§ **WORK TO COMPLETE**
A word-for-word copy of the records below is needed, without the images.

____

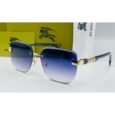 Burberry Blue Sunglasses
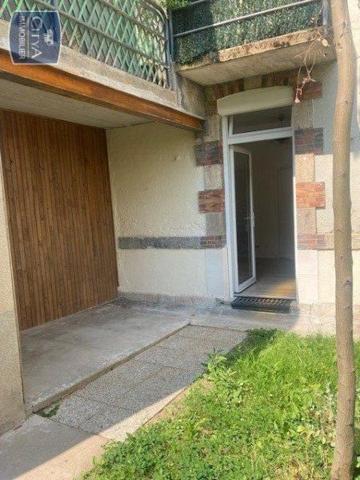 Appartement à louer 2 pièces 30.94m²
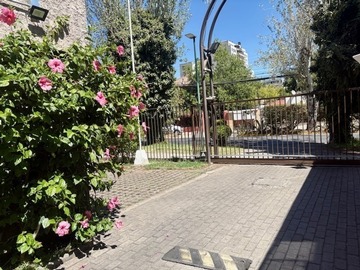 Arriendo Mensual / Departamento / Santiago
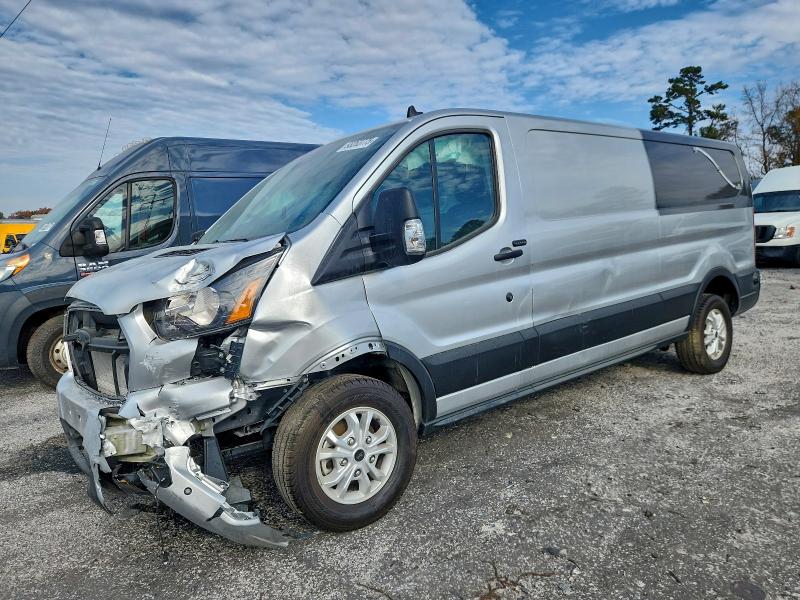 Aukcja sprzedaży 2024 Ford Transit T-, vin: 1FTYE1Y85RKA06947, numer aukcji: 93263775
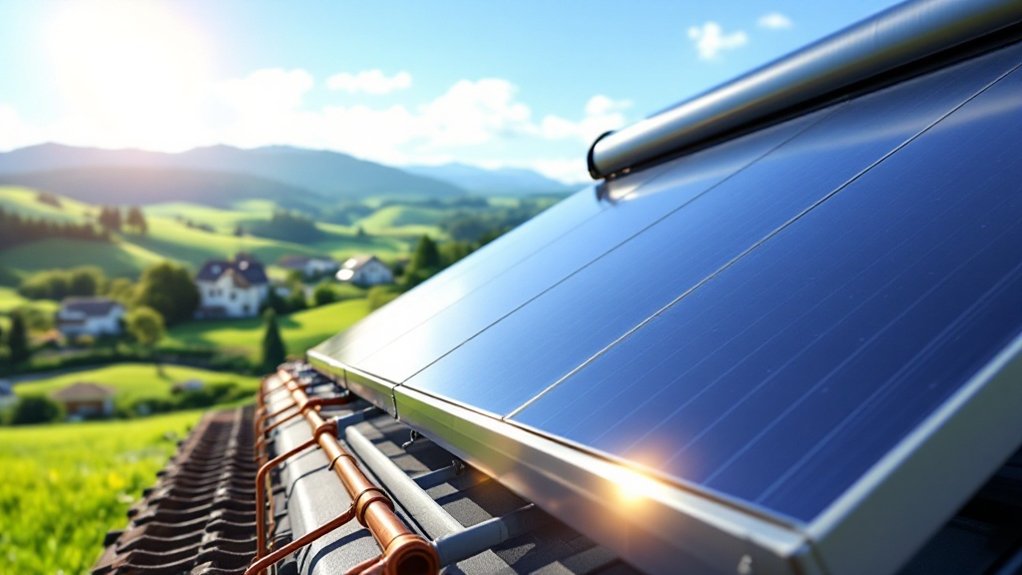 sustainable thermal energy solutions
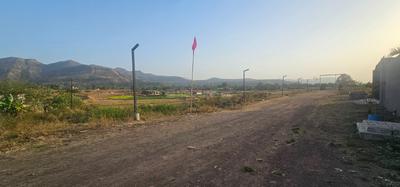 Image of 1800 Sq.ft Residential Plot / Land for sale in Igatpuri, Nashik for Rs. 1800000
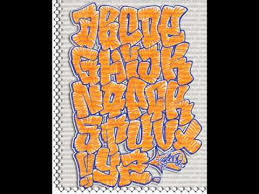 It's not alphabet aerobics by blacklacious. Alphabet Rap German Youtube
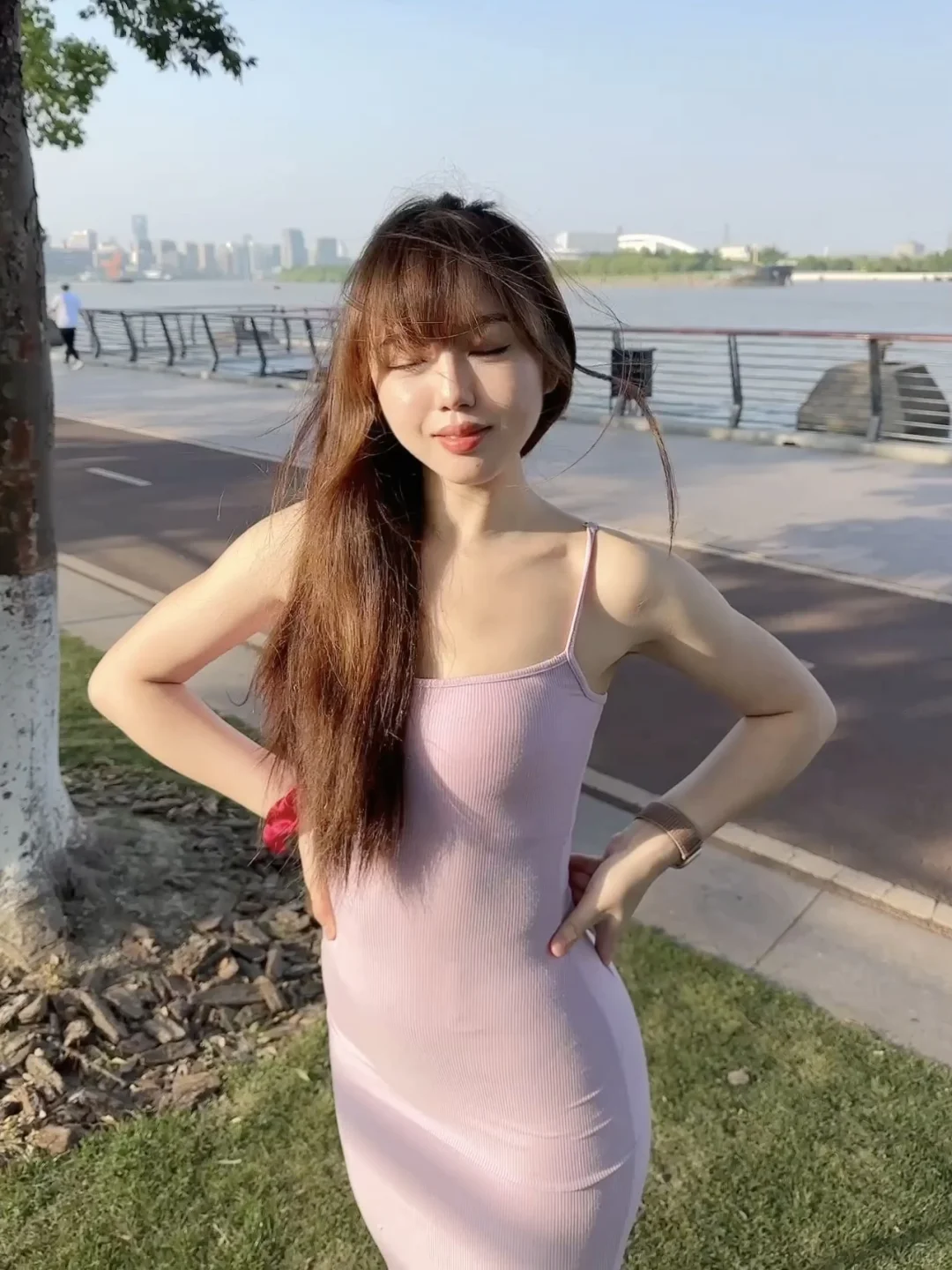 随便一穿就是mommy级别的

____

§ **RESULT OF THIS TASK**
 Burberry Blue Sunglasses
 Appartement à louer 2 pièces 30.94m²
 Arriendo Mensual / Departamento / Santiago
 Aukcja sprzedaży 2024 Ford Transit T-, vin: 1FTYE1Y85RKA06947, numer aukcji: 93263775
 sustainable thermal energy solutions
 Image of 1800 Sq.ft Residential Plot / Land for sale in Igatpuri, Nashik for Rs. 1800000
 It's not alphabet aerobics by blacklacious. Alphabet Rap German Youtube
 随便一穿就是mommy级别的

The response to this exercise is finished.